*** Opening Data extract ***

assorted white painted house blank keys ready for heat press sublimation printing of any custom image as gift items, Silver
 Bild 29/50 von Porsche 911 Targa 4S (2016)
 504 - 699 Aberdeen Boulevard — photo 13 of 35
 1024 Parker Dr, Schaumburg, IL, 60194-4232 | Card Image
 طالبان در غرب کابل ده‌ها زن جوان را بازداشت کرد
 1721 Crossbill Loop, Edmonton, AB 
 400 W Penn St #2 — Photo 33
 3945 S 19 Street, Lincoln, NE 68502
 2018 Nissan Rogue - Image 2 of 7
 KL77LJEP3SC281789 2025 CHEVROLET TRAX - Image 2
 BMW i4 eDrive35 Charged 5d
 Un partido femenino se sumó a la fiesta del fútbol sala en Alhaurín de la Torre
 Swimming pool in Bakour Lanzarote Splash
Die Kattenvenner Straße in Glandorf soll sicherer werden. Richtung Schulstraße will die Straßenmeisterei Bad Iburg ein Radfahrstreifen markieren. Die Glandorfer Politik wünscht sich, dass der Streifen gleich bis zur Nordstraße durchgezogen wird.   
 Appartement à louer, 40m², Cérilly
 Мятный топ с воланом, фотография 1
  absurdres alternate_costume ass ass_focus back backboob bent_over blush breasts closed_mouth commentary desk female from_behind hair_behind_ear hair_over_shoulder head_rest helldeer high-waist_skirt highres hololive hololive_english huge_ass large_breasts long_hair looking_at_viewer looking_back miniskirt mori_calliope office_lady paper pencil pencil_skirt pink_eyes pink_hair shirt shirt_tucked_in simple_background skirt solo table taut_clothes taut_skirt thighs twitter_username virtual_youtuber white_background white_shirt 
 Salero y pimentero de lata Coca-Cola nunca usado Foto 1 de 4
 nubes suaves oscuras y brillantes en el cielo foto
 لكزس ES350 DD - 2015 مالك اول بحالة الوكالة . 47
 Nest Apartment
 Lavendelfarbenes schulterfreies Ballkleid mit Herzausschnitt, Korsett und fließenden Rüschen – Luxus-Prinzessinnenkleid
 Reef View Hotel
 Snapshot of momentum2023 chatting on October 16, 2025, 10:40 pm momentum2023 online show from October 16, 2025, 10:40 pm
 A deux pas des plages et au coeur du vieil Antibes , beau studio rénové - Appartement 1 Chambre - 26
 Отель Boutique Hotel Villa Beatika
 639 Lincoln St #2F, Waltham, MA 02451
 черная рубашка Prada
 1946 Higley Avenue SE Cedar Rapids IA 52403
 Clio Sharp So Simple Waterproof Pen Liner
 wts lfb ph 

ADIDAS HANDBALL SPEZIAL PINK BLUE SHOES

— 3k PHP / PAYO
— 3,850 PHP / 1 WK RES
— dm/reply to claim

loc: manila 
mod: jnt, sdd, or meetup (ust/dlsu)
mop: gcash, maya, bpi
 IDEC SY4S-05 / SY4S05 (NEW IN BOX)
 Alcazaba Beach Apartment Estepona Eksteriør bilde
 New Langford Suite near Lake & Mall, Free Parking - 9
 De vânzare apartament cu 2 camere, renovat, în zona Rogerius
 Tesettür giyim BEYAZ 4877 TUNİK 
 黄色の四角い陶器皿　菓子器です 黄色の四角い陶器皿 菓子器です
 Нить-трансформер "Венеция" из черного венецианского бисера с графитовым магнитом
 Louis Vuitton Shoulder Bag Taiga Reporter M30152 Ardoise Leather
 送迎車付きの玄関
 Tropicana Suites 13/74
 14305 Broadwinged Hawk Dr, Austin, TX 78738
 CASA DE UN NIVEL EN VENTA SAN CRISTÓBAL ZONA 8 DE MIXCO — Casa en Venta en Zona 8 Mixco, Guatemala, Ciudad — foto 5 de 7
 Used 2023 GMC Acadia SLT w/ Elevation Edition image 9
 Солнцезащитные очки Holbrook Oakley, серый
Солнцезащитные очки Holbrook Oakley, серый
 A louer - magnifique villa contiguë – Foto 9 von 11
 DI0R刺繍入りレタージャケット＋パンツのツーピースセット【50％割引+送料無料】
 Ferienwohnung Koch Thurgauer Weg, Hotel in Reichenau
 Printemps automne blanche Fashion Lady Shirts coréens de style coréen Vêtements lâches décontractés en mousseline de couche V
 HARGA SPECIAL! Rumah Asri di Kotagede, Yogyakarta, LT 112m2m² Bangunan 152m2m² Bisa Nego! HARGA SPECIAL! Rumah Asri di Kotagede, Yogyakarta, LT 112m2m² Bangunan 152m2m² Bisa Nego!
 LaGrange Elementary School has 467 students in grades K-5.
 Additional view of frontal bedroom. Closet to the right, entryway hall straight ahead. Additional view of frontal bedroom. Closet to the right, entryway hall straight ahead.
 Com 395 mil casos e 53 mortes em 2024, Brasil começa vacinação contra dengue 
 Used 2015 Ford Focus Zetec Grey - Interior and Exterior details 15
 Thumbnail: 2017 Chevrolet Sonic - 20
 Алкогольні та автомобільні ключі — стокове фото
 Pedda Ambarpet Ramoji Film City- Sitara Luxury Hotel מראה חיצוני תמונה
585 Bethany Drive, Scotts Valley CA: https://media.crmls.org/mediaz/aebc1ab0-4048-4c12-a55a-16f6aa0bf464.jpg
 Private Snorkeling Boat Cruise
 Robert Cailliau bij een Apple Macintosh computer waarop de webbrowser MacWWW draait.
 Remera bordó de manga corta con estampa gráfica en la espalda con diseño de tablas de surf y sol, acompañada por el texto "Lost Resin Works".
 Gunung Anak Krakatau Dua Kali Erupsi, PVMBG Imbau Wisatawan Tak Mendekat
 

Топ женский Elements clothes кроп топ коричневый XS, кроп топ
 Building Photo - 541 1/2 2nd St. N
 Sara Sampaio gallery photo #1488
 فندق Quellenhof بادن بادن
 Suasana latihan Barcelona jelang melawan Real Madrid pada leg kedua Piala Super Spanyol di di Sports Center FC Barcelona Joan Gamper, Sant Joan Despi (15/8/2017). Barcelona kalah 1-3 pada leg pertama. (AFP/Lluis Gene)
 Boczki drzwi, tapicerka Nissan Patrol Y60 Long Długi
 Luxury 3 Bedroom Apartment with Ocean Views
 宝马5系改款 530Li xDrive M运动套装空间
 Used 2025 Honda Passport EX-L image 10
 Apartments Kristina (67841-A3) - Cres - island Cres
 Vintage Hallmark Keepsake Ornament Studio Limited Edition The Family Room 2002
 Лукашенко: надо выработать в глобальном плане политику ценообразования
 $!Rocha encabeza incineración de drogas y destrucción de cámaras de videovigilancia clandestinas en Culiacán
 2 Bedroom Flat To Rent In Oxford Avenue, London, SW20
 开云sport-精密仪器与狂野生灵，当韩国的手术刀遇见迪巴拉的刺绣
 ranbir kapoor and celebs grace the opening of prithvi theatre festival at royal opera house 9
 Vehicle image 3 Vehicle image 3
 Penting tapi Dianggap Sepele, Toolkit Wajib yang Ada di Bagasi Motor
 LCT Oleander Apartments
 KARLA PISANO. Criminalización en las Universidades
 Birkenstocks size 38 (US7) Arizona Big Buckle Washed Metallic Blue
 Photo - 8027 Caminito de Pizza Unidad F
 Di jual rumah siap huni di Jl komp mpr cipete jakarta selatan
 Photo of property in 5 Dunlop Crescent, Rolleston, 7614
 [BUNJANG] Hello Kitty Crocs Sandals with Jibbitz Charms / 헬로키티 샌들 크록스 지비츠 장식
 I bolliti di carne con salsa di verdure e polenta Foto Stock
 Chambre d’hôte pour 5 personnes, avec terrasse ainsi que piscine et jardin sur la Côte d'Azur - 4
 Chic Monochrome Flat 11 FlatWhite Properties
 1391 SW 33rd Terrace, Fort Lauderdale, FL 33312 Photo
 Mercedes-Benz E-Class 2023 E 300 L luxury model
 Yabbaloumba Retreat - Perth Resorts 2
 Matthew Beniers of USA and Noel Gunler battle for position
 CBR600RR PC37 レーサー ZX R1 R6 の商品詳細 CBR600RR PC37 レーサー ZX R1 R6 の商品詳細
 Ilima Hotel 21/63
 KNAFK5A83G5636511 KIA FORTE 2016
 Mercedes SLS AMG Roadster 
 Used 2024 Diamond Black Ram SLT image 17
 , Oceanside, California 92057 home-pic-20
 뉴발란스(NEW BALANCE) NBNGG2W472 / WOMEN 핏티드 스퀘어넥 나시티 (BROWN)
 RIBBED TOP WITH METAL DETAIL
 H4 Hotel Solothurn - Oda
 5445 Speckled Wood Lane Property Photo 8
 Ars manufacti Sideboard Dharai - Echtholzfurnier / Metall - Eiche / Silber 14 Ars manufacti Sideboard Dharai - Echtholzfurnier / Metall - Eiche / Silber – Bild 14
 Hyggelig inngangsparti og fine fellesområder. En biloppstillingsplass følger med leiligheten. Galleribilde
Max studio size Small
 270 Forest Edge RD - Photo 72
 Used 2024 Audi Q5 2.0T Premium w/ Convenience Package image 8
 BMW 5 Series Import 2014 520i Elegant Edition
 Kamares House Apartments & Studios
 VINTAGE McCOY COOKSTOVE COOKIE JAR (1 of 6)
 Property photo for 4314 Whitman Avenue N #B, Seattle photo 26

*** Closing Data extract ***

● **Exercise brief**: From the data above, reproduce word for word the lines running from the line with "KL77LJEP3SC281789 2025 CHEVROLET" to the line with "Reef View Hotel", ends included.

● **Exercise answer**:
 KL77LJEP3SC281789 2025 CHEVROLET TRAX - Image 2
 BMW i4 eDrive35 Charged 5d
 Un partido femenino se sumó a la fiesta del fútbol sala en Alhaurín de la Torre
 Swimming pool in Bakour Lanzarote Splash
Die Kattenvenner Straße in Glandorf soll sicherer werden. Richtung Schulstraße will die Straßenmeisterei Bad Iburg ein Radfahrstreifen markieren. Die Glandorfer Politik wünscht sich, dass der Streifen gleich bis zur Nordstraße durchgezogen wird.   
 Appartement à louer, 40m², Cérilly
 Мятный топ с воланом, фотография 1
  absurdres alternate_costume ass ass_focus back backboob bent_over blush breasts closed_mouth commentary desk female from_behind hair_behind_ear hair_over_shoulder head_rest helldeer high-waist_skirt highres hololive hololive_english huge_ass large_breasts long_hair looking_at_viewer looking_back miniskirt mori_calliope office_lady paper pencil pencil_skirt pink_eyes pink_hair shirt shirt_tucked_in simple_background skirt solo table taut_clothes taut_skirt thighs twitter_username virtual_youtuber white_background white_shirt 
 Salero y pimentero de lata Coca-Cola nunca usado Foto 1 de 4
 nubes suaves oscuras y brillantes en el cielo foto
 لكزس ES350 DD - 2015 مالك اول بحالة الوكالة . 47
 Nest Apartment
 Lavendelfarbenes schulterfreies Ballkleid mit Herzausschnitt, Korsett und fließenden Rüschen – Luxus-Prinzessinnenkleid
 Reef View Hotel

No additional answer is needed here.